● **Exercise objective**
Please repeat exactly the lines below from the line with "天然水晶手链蓝晶石油画风蓝色水手链" to the line with "Alkymistens laboratorium, detaljer", including both, and leave out every picture.

● **Source information**
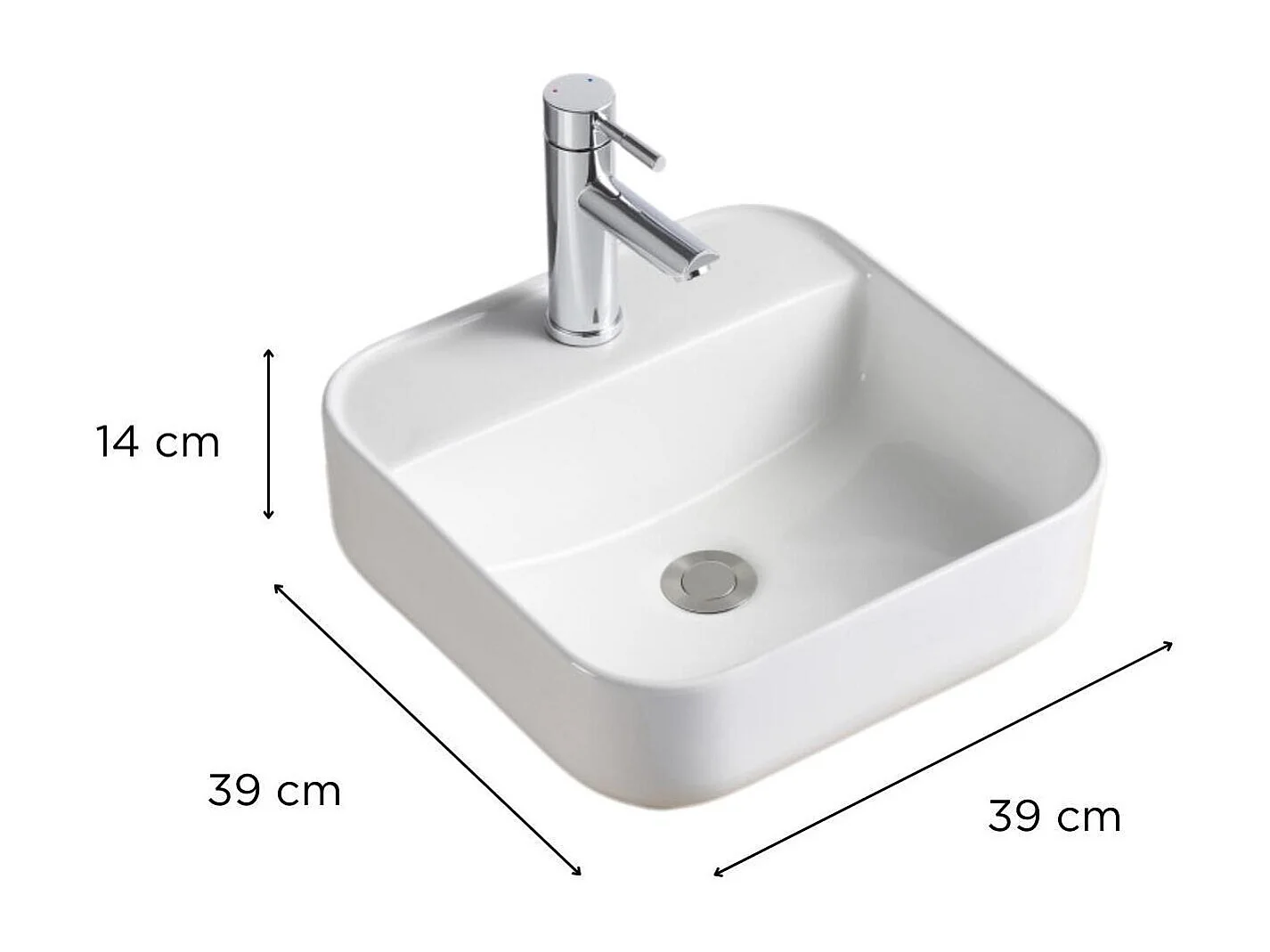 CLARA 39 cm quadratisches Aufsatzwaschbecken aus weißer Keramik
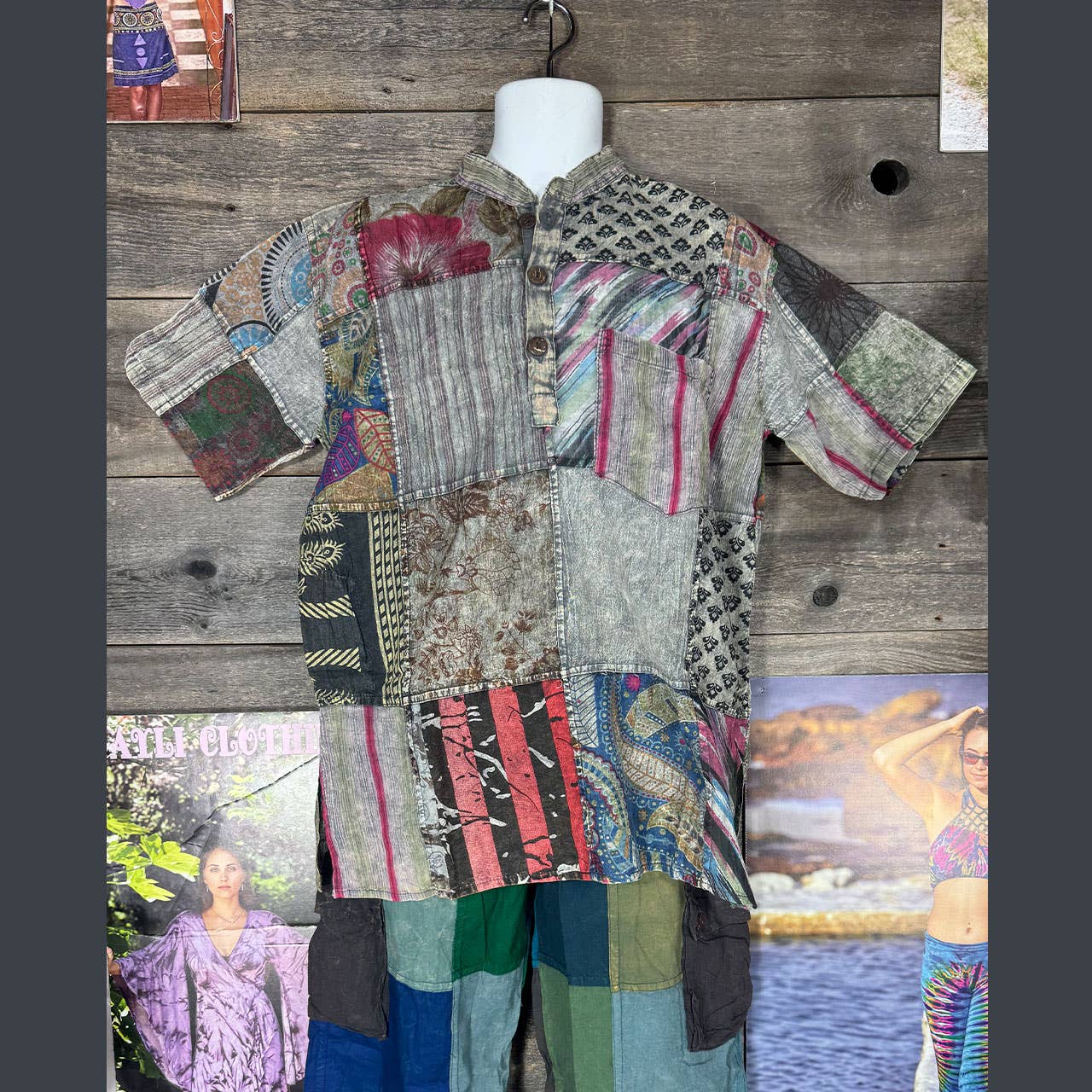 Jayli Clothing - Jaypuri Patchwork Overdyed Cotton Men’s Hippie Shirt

* * *

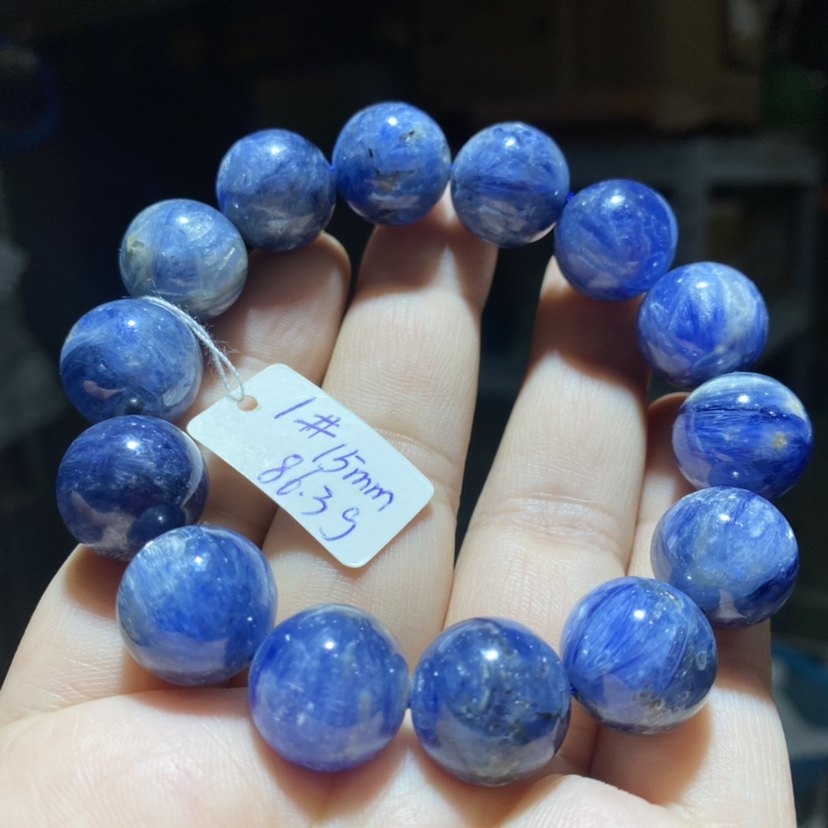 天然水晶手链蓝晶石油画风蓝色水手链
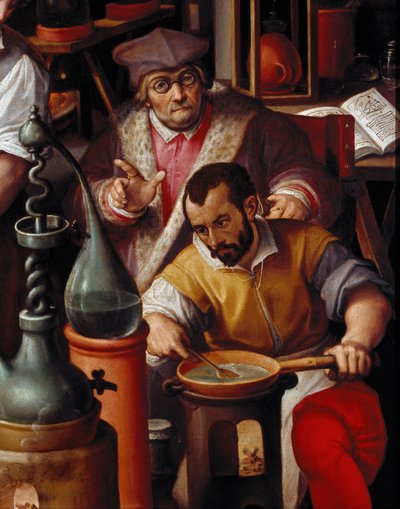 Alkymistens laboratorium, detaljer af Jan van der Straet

● **Result**
 天然水晶手链蓝晶石油画风蓝色水手链
 Alkymistens laboratorium, detaljer af Jan van der Straet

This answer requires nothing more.